What you will do — If a line below falls between the line with "Welcome back. Now" and the line with "Finally, in the", or is one of those two, output it exactly; output nothing else and no pictures.

Data supplied —
◆ ◆ ◆ ◆ ◆ ◆ ◆

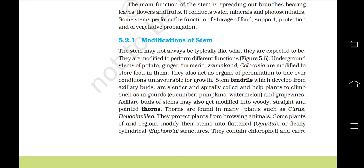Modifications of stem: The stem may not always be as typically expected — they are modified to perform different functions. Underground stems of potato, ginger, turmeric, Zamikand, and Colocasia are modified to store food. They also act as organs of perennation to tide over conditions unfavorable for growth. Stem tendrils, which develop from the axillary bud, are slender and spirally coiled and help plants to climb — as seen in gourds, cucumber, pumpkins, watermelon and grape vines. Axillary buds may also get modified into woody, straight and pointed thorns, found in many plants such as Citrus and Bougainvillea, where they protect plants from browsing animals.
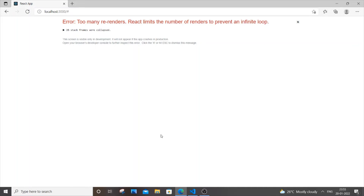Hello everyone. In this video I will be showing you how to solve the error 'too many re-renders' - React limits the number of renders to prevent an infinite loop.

◆ ◆ ◆ ◆ ◆ ◆ ◆

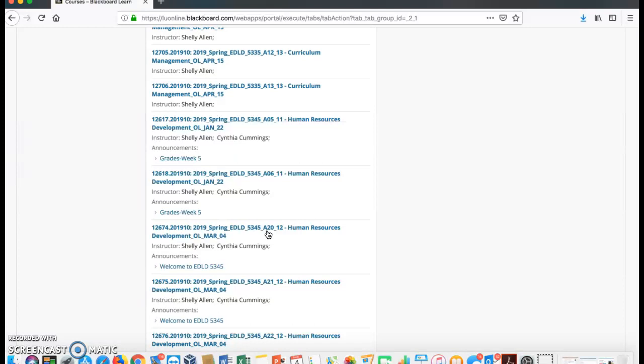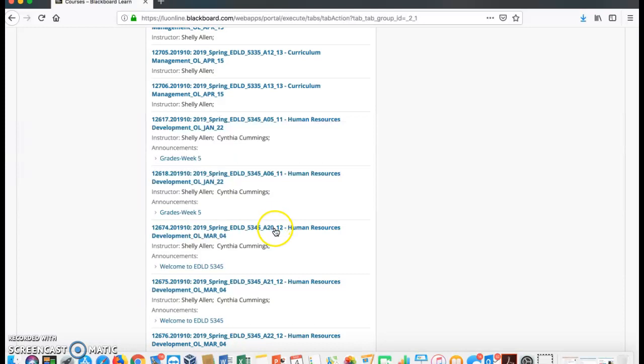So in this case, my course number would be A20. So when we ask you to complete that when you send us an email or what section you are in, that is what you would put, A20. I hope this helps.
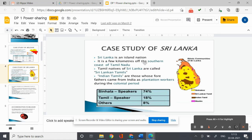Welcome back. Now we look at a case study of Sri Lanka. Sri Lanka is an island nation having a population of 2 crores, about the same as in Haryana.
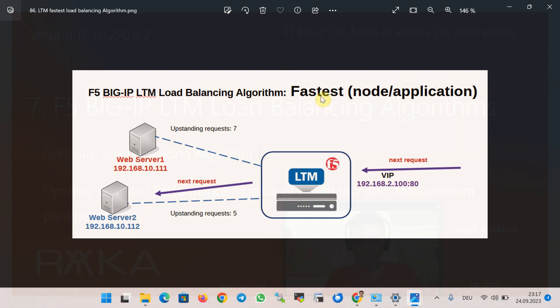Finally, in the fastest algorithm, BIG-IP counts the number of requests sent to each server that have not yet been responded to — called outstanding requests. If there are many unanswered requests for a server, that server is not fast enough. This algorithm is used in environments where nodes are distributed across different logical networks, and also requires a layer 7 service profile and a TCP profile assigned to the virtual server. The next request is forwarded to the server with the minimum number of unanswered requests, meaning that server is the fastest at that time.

◆ ◆ ◆ ◆ ◆ ◆ ◆

Expected answer —
Welcome back. Now we look at a case study of Sri Lanka. Sri Lanka is an island nation having a population of 2 crores, about the same as in Haryana.
Finally, in the fastest algorithm, BIG-IP counts the number of requests sent to each server that have not yet been responded to — called outstanding requests. If there are many unanswered requests for a server, that server is not fast enough. This algorithm is used in environments where nodes are distributed across different logical networks, and also requires a layer 7 service profile and a TCP profile assigned to the virtual server. The next request is forwarded to the server with the minimum number of unanswered requests, meaning that server is the fastest at that time.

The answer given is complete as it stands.